(Giuseppe Di Maio) – Lovato è un caratteristico cognome veneto. Se lo troviamo nell’Agro Pontino è di certo perché la colonizzazione degli anni trenta della zona paludosa appena bonificata ebbe bisogno di manodopera proveniente da tutta Italia. È famosa ormai l’epopea del quadrato di Latina, dove gruppi di gente veneta, friulana, romagnola, erano asserragliati in mezzo a una natura infida e malarica. Sono stato per un po’ nell’Agro Pontino e conosco l’antropizzazione del luogo: la città di Latina, e le altre che formavano le “quattro città Pontine”, i Borghi, centri di irraggiamento colonizzatore, i casolari dispersi nella palude.

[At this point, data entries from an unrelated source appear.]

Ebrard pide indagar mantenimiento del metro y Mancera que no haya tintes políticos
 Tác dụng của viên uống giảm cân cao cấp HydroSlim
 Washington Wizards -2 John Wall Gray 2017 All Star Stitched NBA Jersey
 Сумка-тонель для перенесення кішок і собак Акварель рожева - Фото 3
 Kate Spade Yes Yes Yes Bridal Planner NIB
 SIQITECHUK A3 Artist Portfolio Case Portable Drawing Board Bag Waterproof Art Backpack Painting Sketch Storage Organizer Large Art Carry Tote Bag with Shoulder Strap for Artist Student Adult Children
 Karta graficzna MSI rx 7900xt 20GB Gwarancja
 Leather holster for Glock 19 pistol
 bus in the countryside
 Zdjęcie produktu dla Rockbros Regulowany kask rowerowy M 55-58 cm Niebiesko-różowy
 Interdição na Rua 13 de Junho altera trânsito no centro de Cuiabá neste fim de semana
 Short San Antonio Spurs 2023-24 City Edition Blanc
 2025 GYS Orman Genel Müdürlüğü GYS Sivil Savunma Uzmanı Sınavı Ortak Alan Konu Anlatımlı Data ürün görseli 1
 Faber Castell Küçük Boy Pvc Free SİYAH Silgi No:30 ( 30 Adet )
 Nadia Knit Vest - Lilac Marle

Antonello Lovato ha certamente avuto qualche antenato a cui sono stati regalati i dieci ettari dallo Stato fascista col vincolo di coltivarli e dissodarli. Una terra rossa, avara, quasi sterile, che ancora adesso ha bisogno di additivi: letame, calce e nitrati per rendere un po’ di frutto. Lui fa parte di una classe imprenditoriale nata dall’indigenza, spesso dalla disperazione, una classe che ha cominciato a vedere un po’ di soldi con l’arrivo dei lavoratori stranieri. L’Agro è una delle nostre pianure in cui abbondano le serre, in cui lo scarso terreno ereditato dalla bonifica ha solo funzione di supporto, di appoggio, mentre il vero terreno fertile viene da fuori coi camion, coi sacchi. Satnam Singh era uno dei dannati che lavorava in una di queste colonie penali. Qui tanti clandestini passano in attesa di un permesso di soggiorno, o di comporre un piccolo capitale che consenta loro di partire per nazioni più civili. Ma nel frattempo devono offrire al padrone il pedaggio, il pegno, la punizione di essere in uno stato di bisogno ed essere schiavi.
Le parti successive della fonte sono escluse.